I plug in my curling wand and practice the patience of twirling sections of hair into soft tendrils on an uncooperative victim of my primping. She is overwhelmed by all of this physical attention and dramatic change in her after-school routine. I am overwhelmed with happiness at another night of prom. The hair won't last more than an hour, but that's okay. It's worth it to dress my baby girl up once a year. It's worth it to make her look as special as she is.
and tearful... and aggressive.
This is before she smacked Tink in the head...
and this is after clocking Tink and poking Pink in the eye and every one's mood was going down hill fast.

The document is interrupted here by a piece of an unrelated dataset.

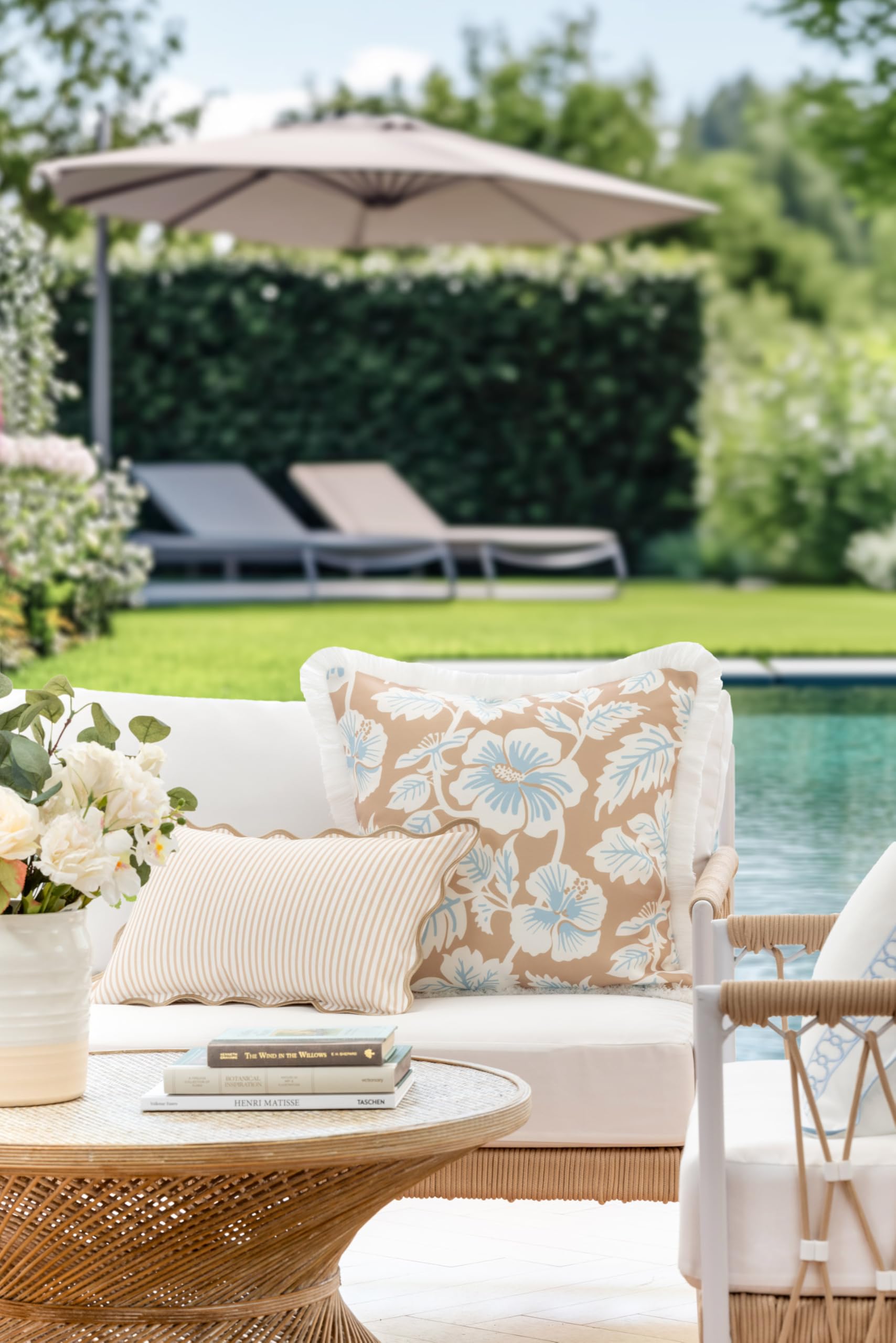 Hofdeco Premium scalloped edge detail highlighting refined coastal style and texture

So, obviously that went well.
I tell her no one can be this miserable when they look this beautiful, but she just isn't having any of it. This is the time I have to forget about my voracious picture taking habit and just leave her a little peace.

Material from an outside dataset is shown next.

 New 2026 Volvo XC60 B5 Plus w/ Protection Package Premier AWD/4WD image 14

The prom is the brain child of Jessica C., a vocational specialist at my daughter's special school who decided four years ago to put together an amazing prom night for the students and their parents.

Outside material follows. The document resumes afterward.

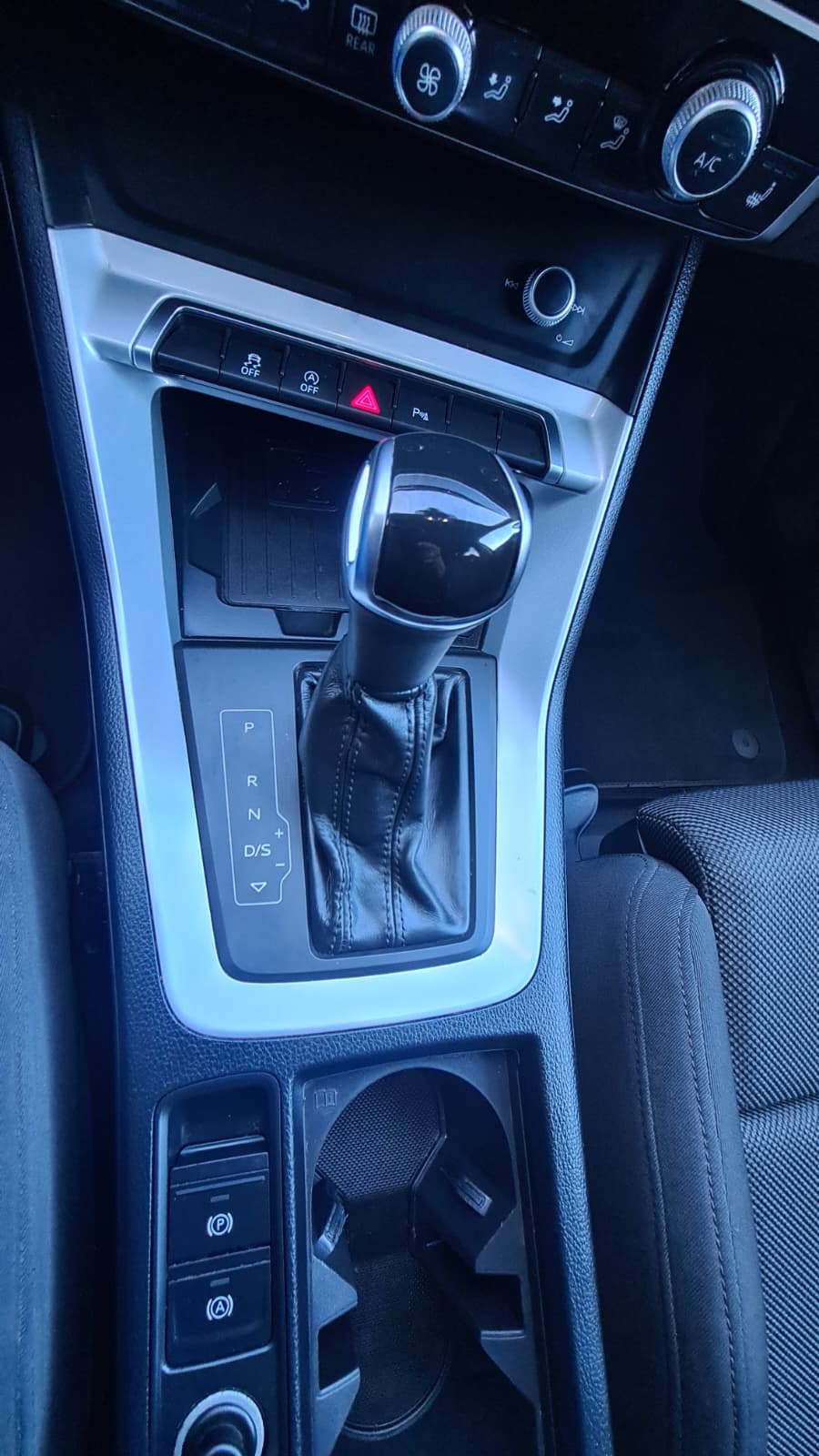 AUDI Q3 40 TDI advanced quattro S-tronic ** Gr-Navi ** RF-Kamera ** Abstandsregelsysteme ** Sitzheizung ** Frisch Ab MFK & Service-image-12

A mother of 2 and a full time employee, Jessica does not get paid anything extra for the hours and hours she and the prom committee volunteers spend to organize a spectacular event. They do not cut corners because they think the kids "won't notice." In fact, they strive to make it just as elegant, special, and beautiful as any "typical" prom at a "typical" school. If the world were full of people like Jessica it would be a magnificent place.
CB and her devoted teacher of 5 years, who worked all day, is on the prom committee, and attended the prom 8 months pregnant. Bless her sweet soul!
It was really difficult to get CB's picture all night. This is the usual case with her, but it seemed even more difficult for some reason. Probably because I was all eager with my new camera. So I figured when someone won't look at the lens, I'll just have to get all "artsy" with it.
Her mood was a bit all over the place tonight and she had a few "Mike Tyson" moments, punching unsuspecting people who got too close. I escaped the right hooks, but got a killer calf workout from wrangling her while in stilettos.
I think most of the time she was happy though. Especially when the DJ got going.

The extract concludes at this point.